§ **What is expected**:
When you reach the line containing "Трійник PPR Blue" in the records below, set it down exactly, together with every later line through the end, but not the pictures.

§ **Data**:
▶
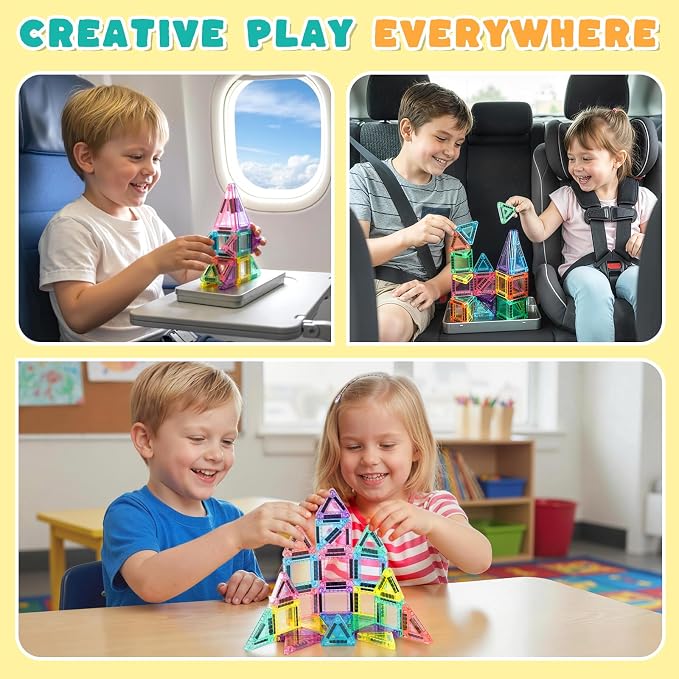 3 Otters Mini Magnetic Tiles with Case, 25PCS | Travel Pocket Size, STEM Building Toys, STEM Building Toys, Classroom Prize, Screenless Play, Gifts for Toddlers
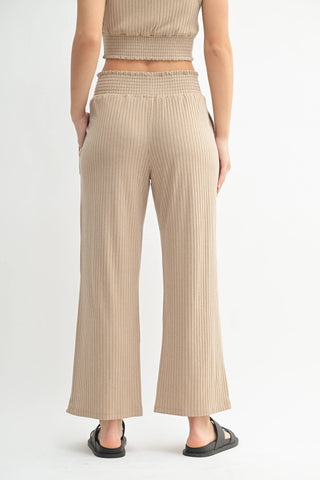 Smocked Waistband Ribbed Wide Leg Pants |SFB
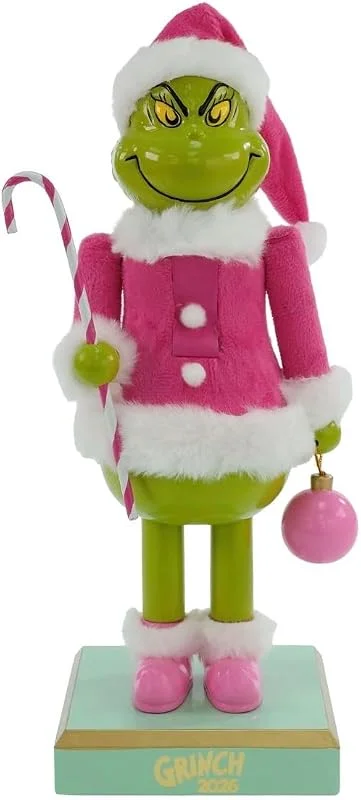 Marke: Ruz Ruz The Grinch Nussknacker mit rosa Weihnachtsmann Outfit Weihnachten Urlaub Deko Nussknacker Figur — Weihnachtsdeko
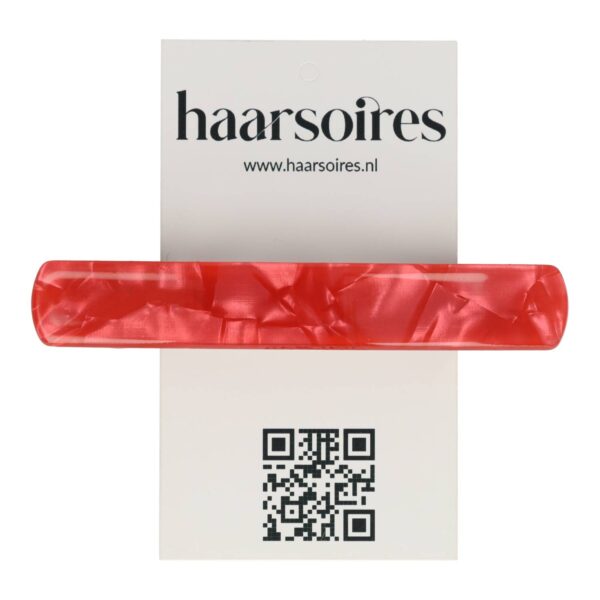 Patentspeld marmer colr_3 Haarspeld Patentspeld 9cm - Recht – Marmer Patroon – Rood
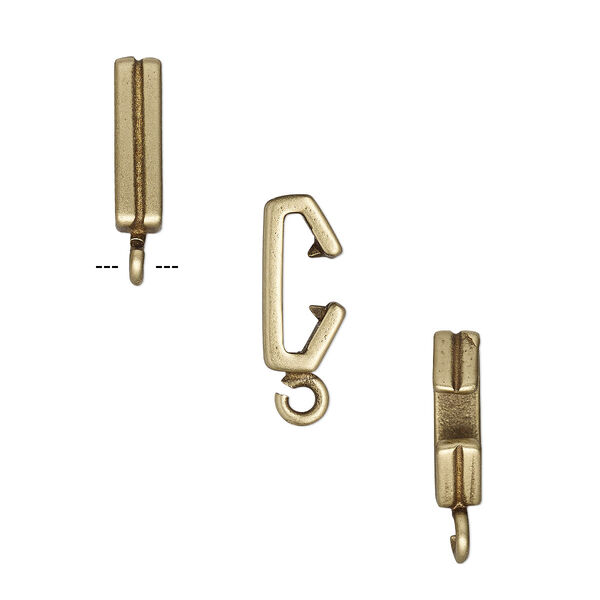 Component, JBB Findings, antiqued brass, 11x3mm rectangle with line design and open loop, 8x1.5mm inside diameter. Sold per pkg of 2. image number 0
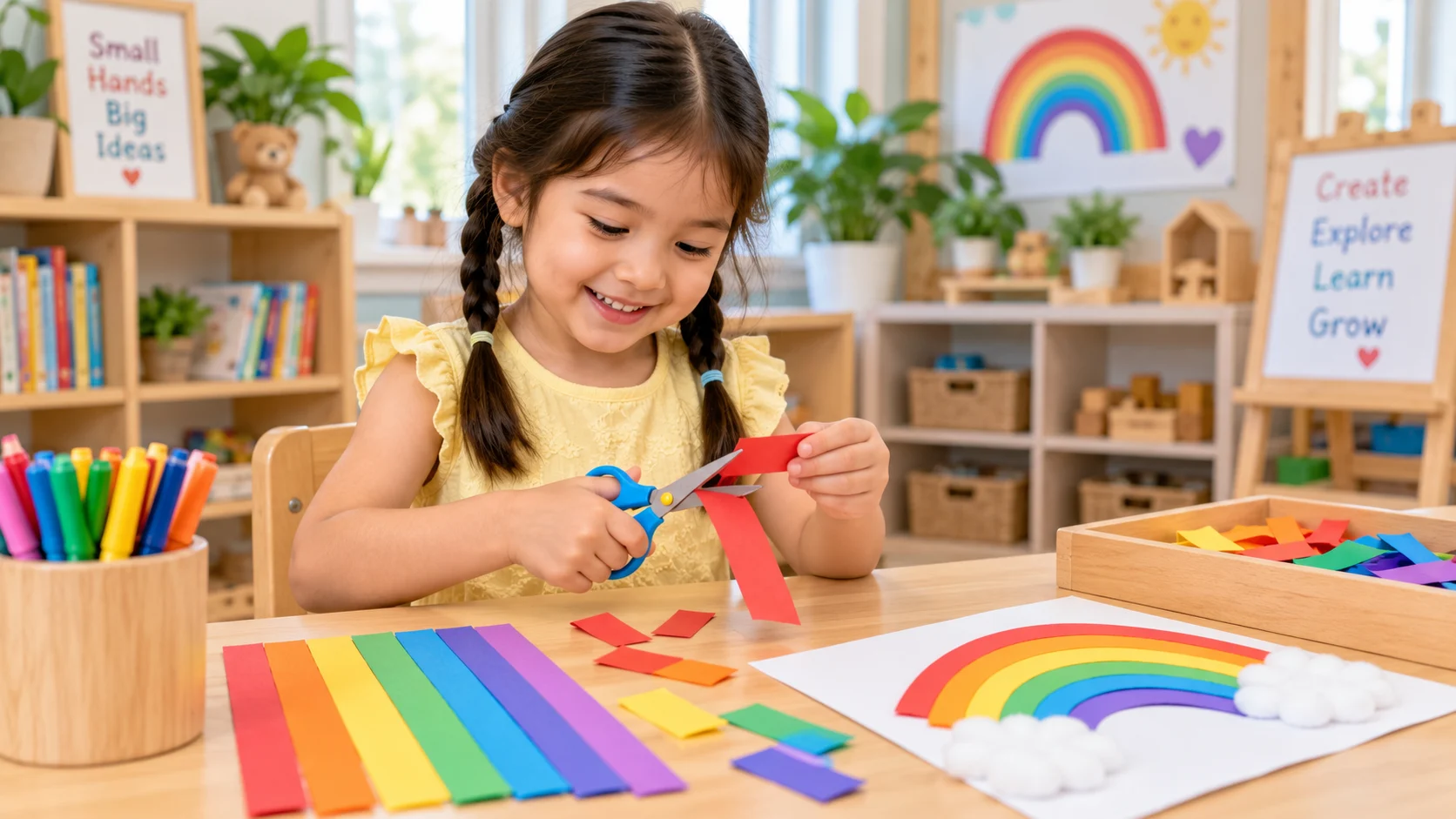 Girl with braids cutting colorful rainbow paper strips for a preschool craft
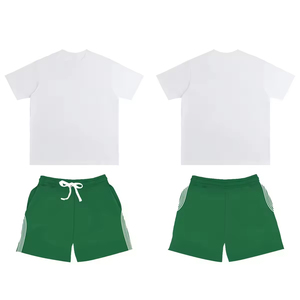 Ensemble décontracté 2 pièces personnalisé pour homme, été, vintage, écologique, polyester/coton, t-shirt et short - Product Image 2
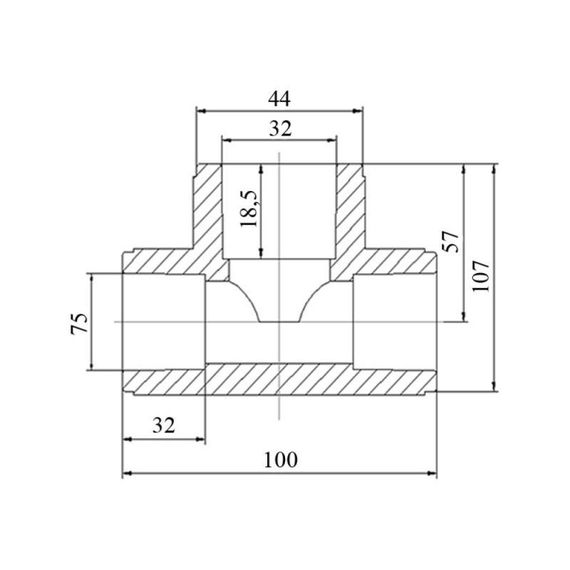 Трійник PPR Blue Ocean 75х32х75 редукційний | Зображення 1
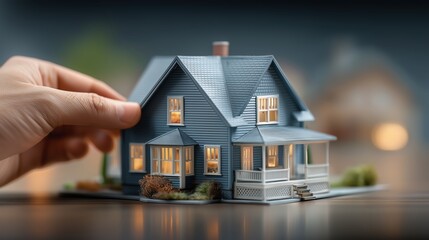 Hands holding a small house. Concept of buying a house
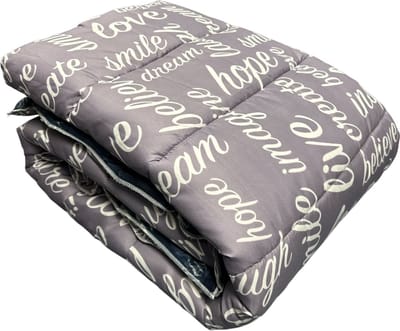 Dubbelzijdig Dekbed zonder Overtrek - 240x220cm - Grijs/Wit - Wasbaar Dekbed - Hoesloos Dekbed - Tweepersoons Dekbed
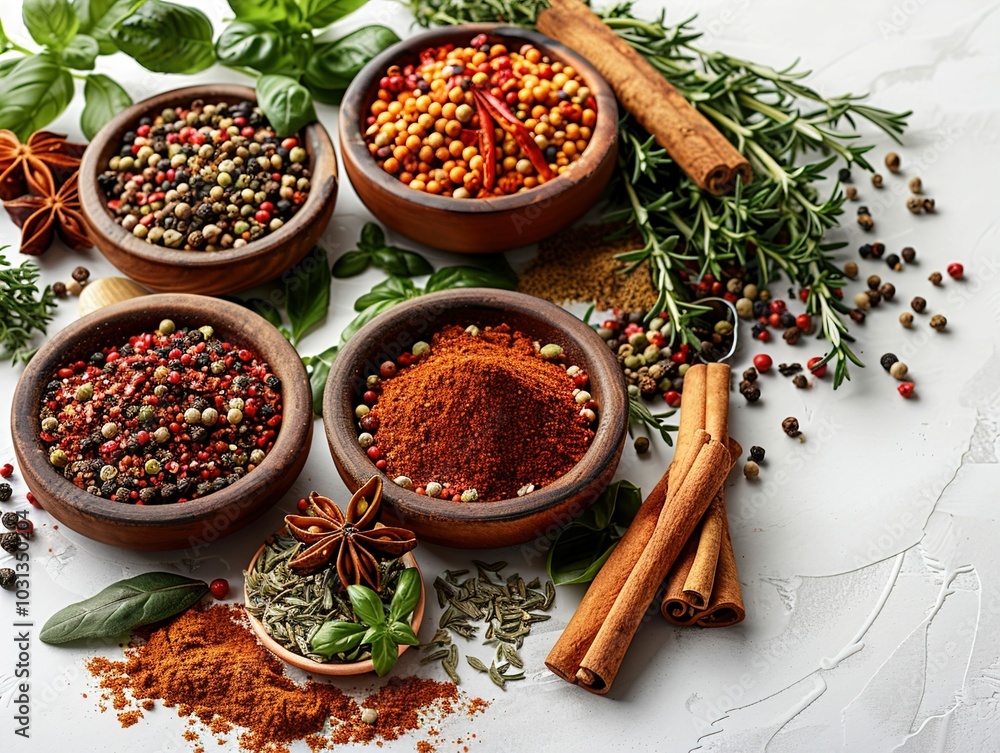 Fototapeta premium A vibrant display of various spices and herbs in bowls, showcasing culinary diversity.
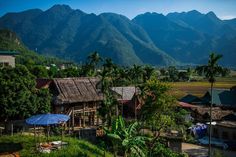 a village with mountains in the background and blue umbrellas on the grass near it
◀
§ **Answer space**:
 Трійник PPR Blue Ocean 75х32х75 редукційний | Зображення 1
 Hands holding a small house. Concept of buying a house
 Dubbelzijdig Dekbed zonder Overtrek - 240x220cm - Grijs/Wit - Wasbaar Dekbed - Hoesloos Dekbed - Tweepersoons Dekbed
 Fototapeta premium A vibrant display of various spices and herbs in bowls, showcasing culinary diversity.
 a village with mountains in the background and blue umbrellas on the grass near it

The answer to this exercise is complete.